What you need to do. The answer consists solely of the lines running from the one with "CLAYMORE BROWN GLASS VASE 12 (IN) 9" through the final line below, transcribed exactly and without any pictures.
═══ The data
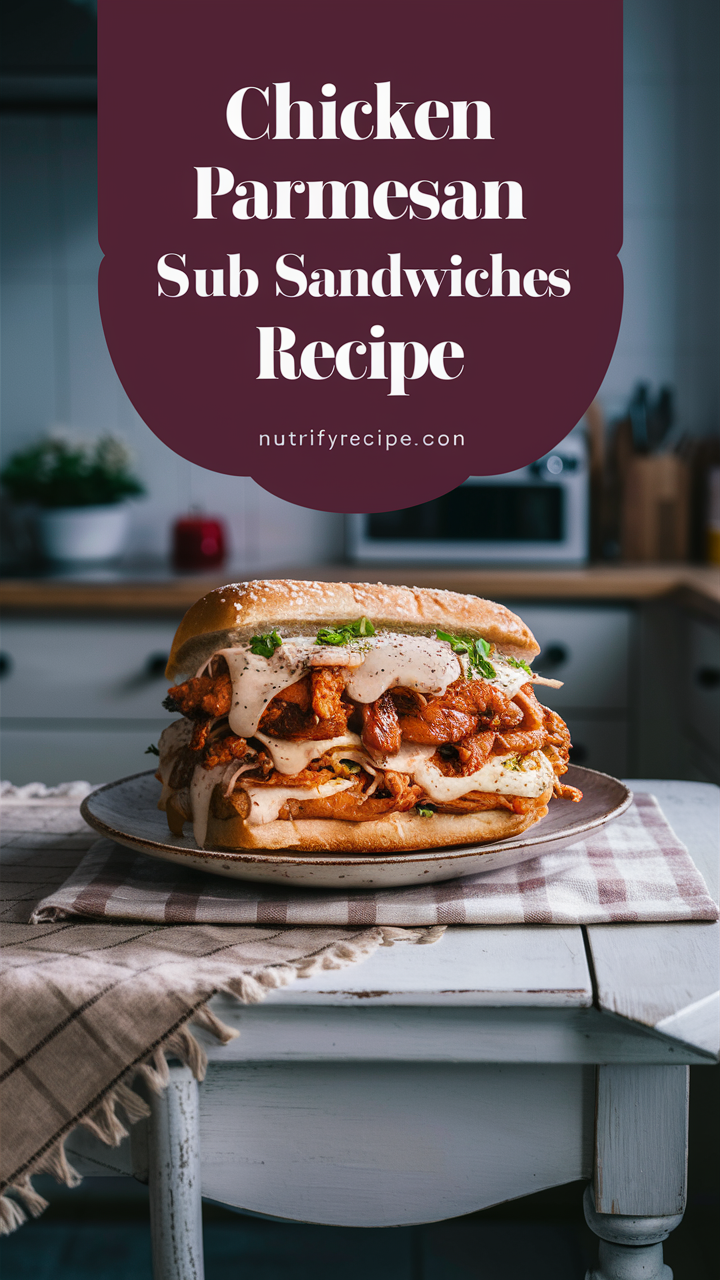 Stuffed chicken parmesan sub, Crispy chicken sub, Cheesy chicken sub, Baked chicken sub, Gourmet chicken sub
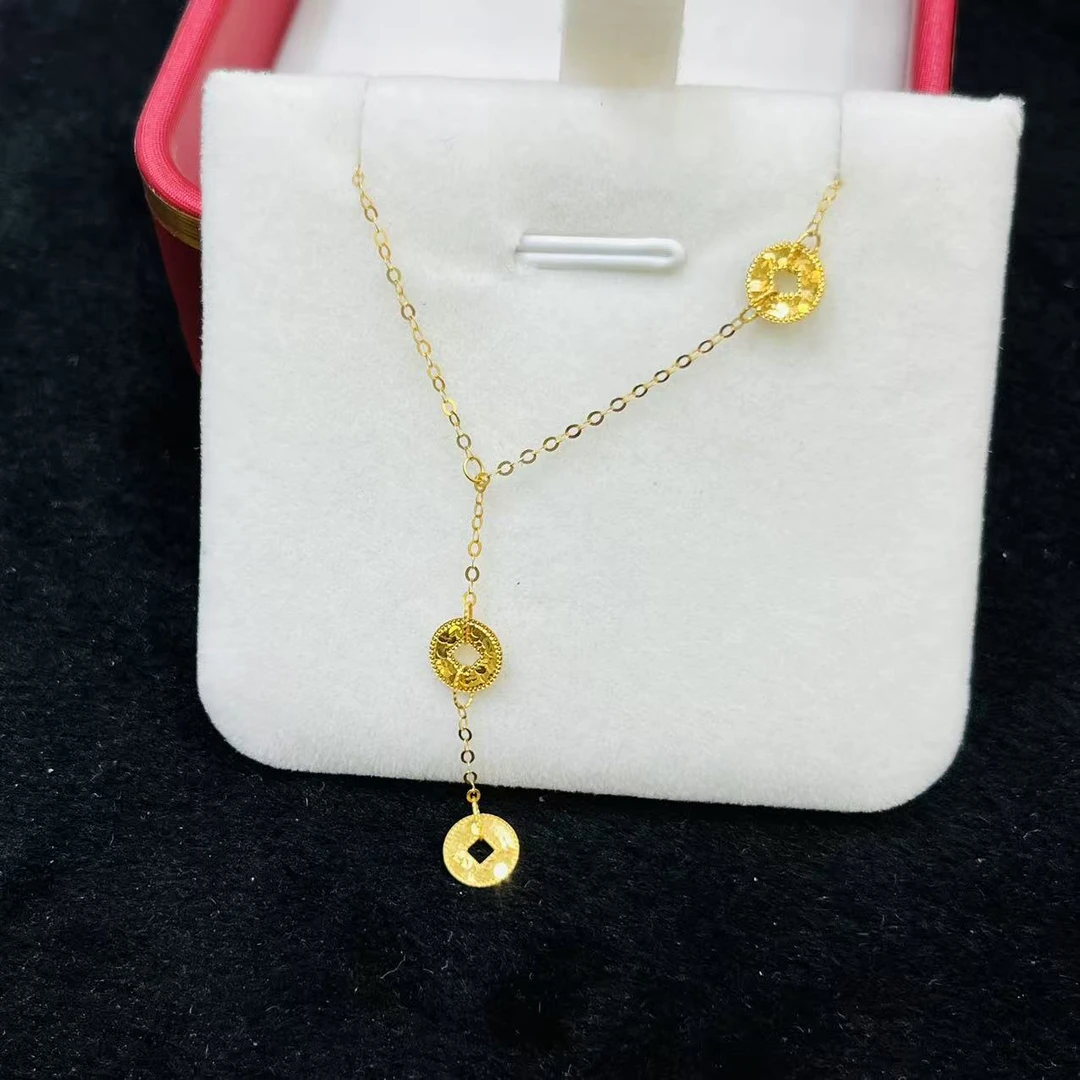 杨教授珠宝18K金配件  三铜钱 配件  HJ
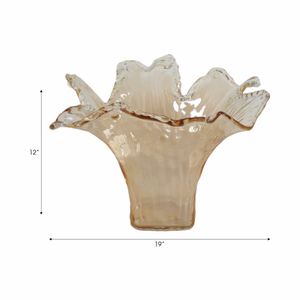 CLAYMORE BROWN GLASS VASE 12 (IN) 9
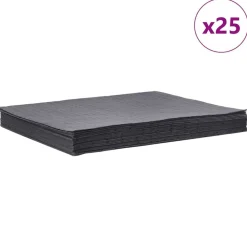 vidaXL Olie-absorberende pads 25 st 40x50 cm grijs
══════
Solution to the exercise.
 CLAYMORE BROWN GLASS VASE 12 (IN) 9
 vidaXL Olie-absorberende pads 25 st 40x50 cm grijs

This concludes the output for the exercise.